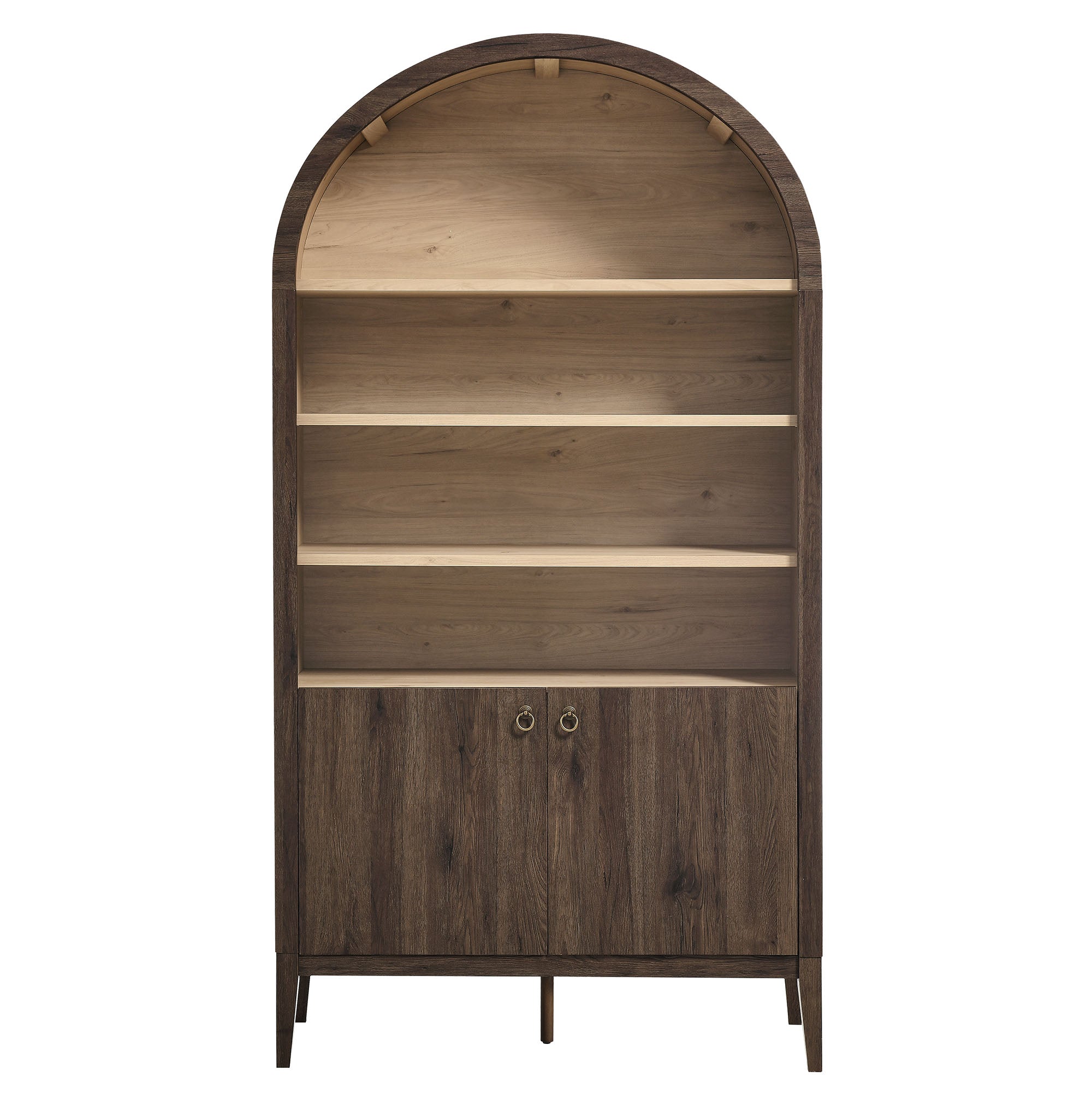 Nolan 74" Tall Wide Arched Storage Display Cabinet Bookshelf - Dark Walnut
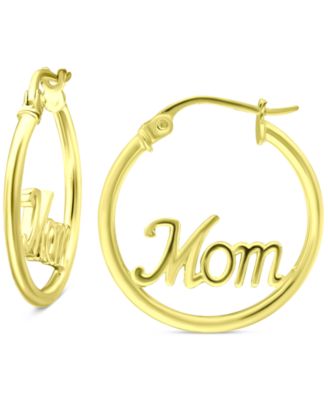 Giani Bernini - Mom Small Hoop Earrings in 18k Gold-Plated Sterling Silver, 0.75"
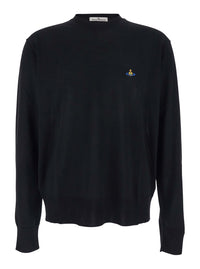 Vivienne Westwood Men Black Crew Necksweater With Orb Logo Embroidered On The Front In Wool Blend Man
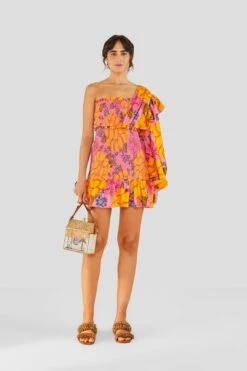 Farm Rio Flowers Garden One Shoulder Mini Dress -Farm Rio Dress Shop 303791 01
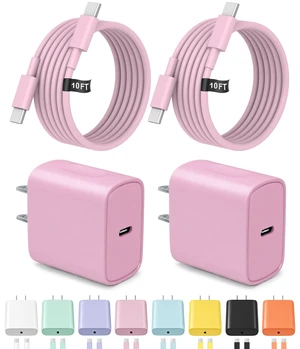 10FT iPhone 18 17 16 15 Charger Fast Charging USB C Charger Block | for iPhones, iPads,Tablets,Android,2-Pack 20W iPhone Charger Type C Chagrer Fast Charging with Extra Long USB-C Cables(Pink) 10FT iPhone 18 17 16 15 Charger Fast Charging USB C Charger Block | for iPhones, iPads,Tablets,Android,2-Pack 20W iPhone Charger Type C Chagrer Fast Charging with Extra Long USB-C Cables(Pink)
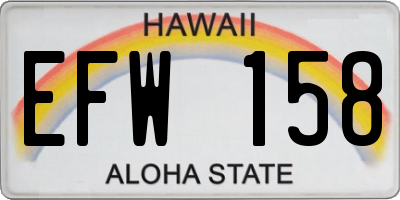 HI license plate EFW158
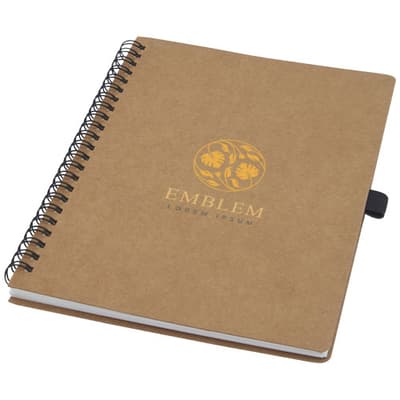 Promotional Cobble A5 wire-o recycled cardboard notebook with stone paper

########

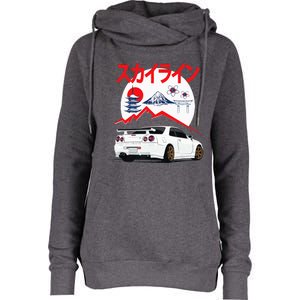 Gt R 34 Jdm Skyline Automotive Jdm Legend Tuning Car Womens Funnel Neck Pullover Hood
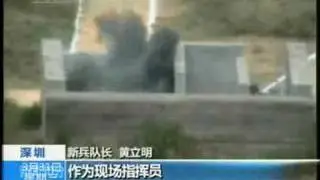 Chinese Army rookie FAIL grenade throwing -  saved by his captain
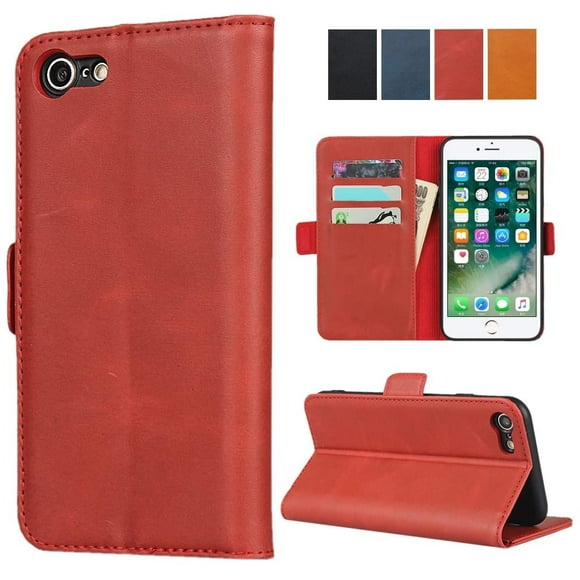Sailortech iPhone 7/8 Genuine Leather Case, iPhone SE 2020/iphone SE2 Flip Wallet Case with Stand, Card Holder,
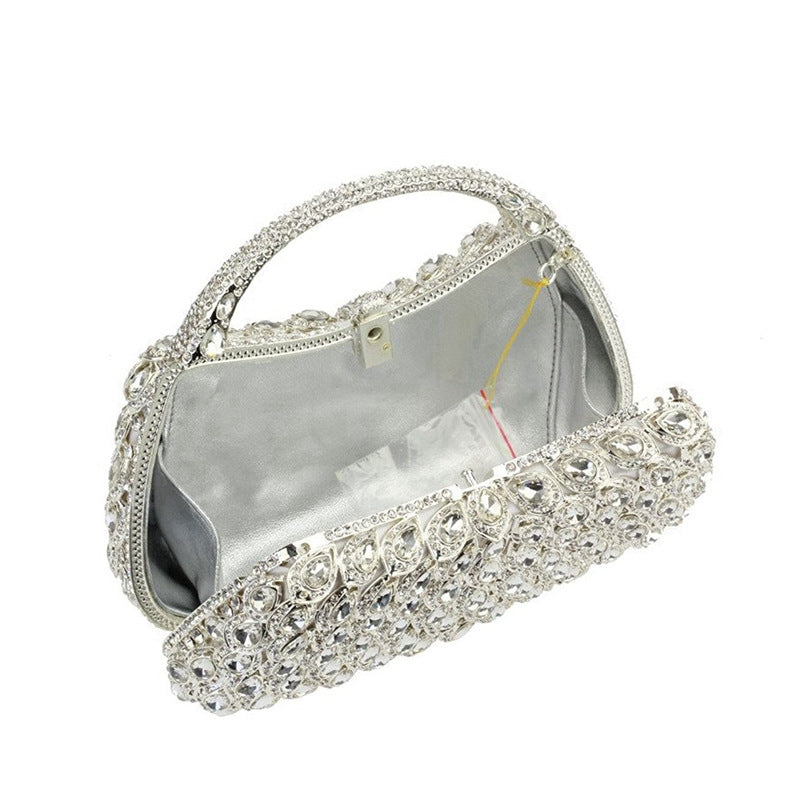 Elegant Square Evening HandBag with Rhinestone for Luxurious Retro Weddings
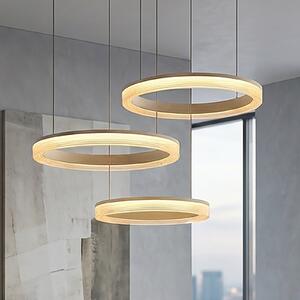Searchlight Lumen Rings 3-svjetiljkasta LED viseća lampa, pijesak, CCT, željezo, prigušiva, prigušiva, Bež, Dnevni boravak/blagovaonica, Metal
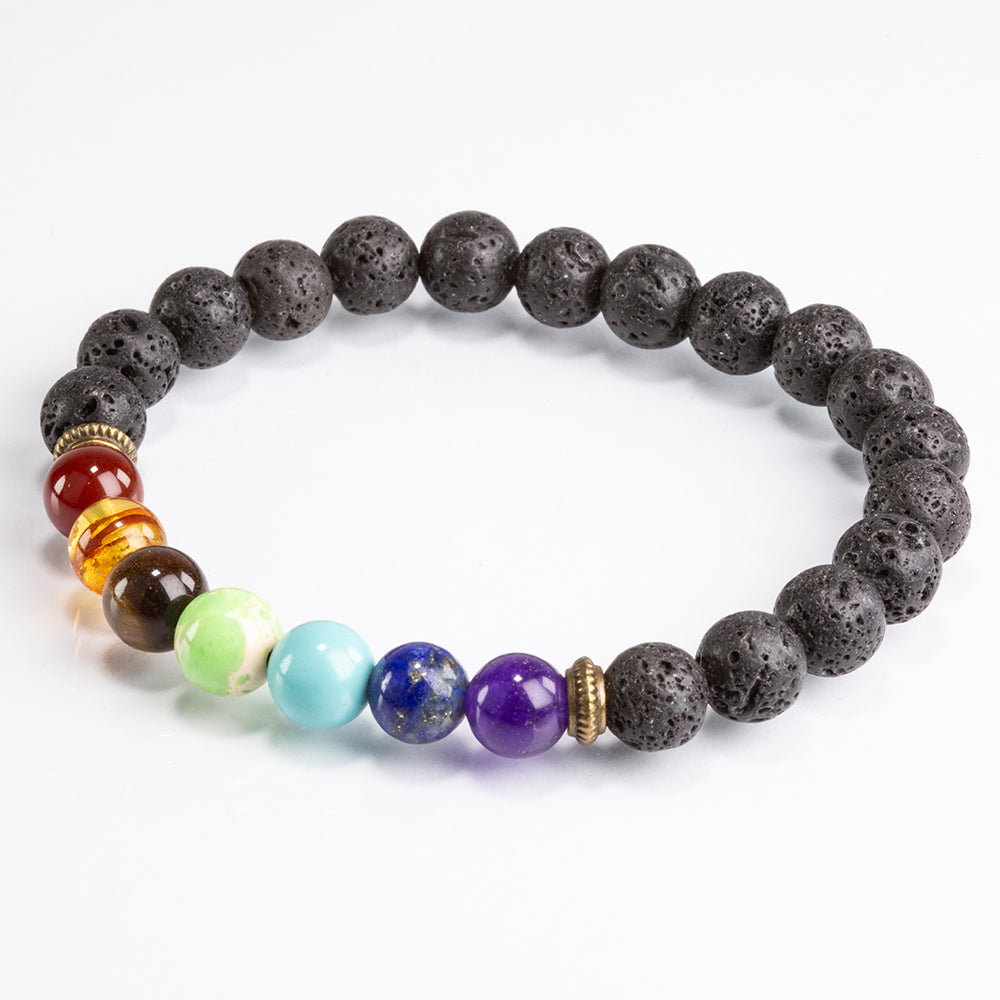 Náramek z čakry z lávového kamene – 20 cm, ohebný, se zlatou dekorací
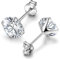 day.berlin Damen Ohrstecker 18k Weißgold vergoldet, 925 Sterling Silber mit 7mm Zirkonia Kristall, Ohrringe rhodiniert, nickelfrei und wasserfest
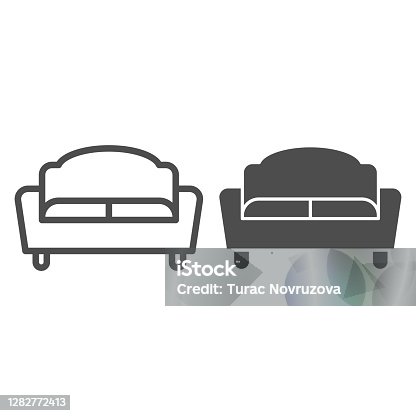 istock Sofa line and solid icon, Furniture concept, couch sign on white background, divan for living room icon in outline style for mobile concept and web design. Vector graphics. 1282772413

########

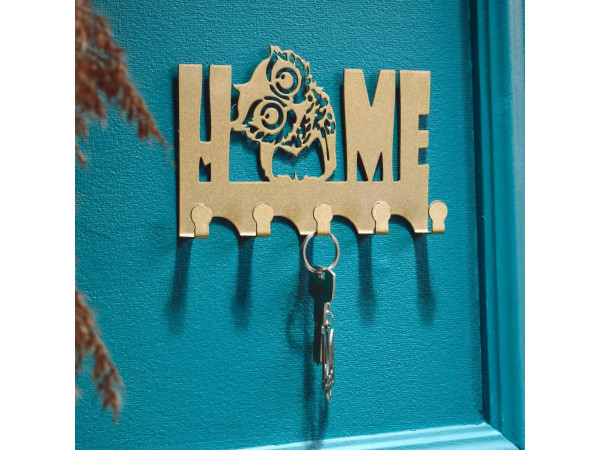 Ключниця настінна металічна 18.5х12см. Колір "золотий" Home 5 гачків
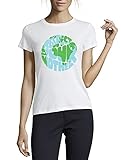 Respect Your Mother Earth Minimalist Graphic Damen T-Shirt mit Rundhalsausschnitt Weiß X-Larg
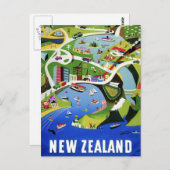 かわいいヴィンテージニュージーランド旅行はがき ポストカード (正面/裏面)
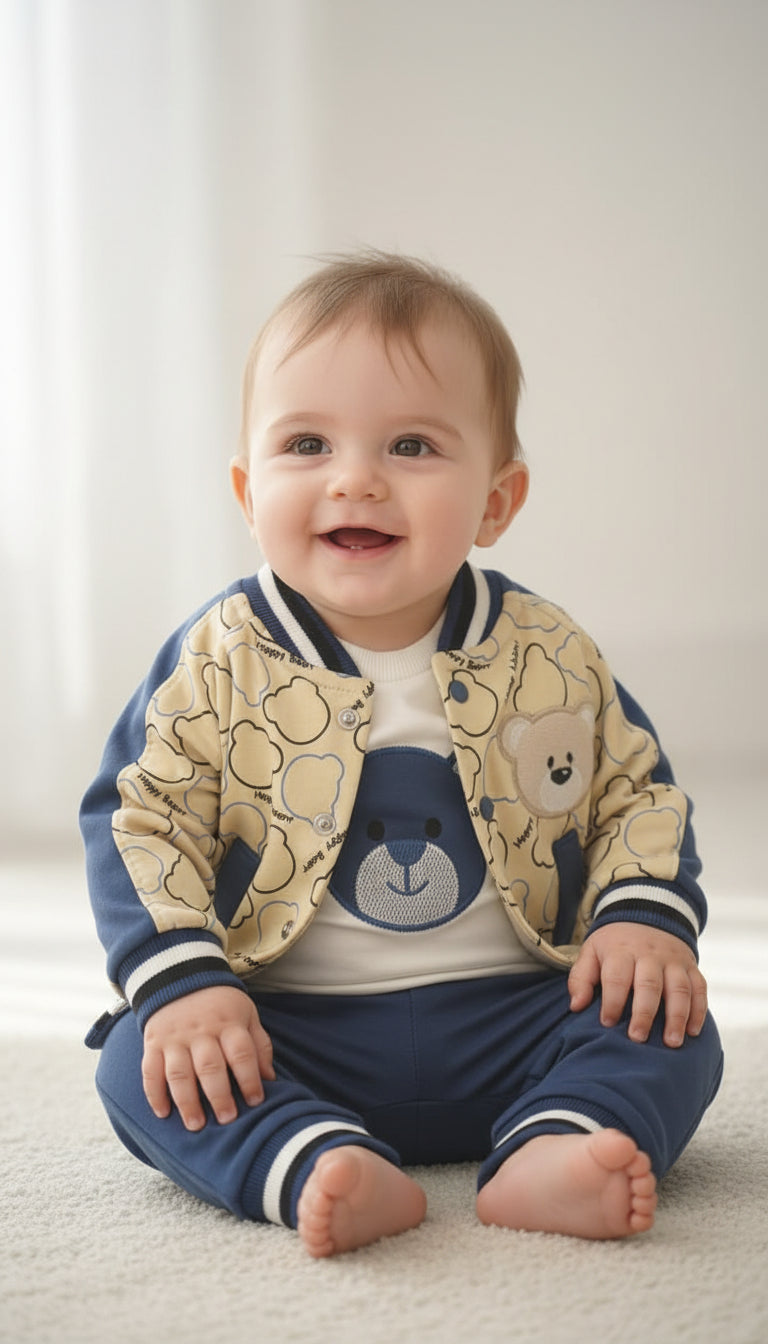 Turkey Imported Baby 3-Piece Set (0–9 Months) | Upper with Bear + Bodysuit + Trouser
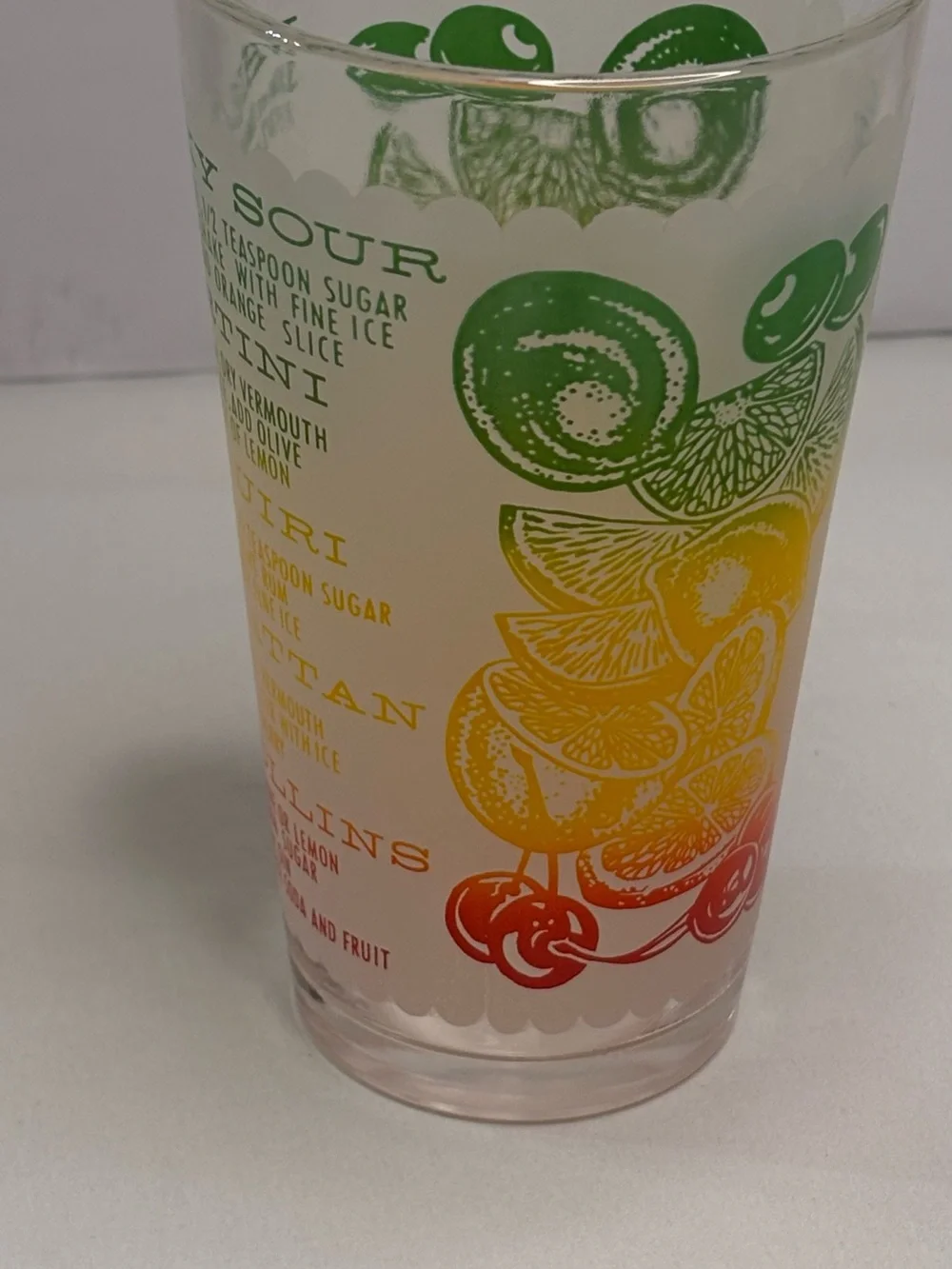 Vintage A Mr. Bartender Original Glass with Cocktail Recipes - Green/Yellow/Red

########

ACTIVITY: Among the records above, locate the line containing "Vivienne Westwood Men" and the line containing "Promotional Cobble A5", then transcribe exactly the lines starting at the first and ending at the second, with no pictures.

WRITTEN SOLUTION:
 Vivienne Westwood Men Black Crew Necksweater With Orb Logo Embroidered On The Front In Wool Blend Man
 Farm Rio Flowers Garden One Shoulder Mini Dress -Farm Rio Dress Shop 303791 01
 10FT iPhone 18 17 16 15 Charger Fast Charging USB C Charger Block | for iPhones, iPads,Tablets,Android,2-Pack 20W iPhone Charger Type C Chagrer Fast Charging with Extra Long USB-C Cables(Pink) 10FT iPhone 18 17 16 15 Charger Fast Charging USB C Charger Block | for iPhones, iPads,Tablets,Android,2-Pack 20W iPhone Charger Type C Chagrer Fast Charging with Extra Long USB-C Cables(Pink)
 HI license plate EFW158
 Promotional Cobble A5 wire-o recycled cardboard notebook with stone paper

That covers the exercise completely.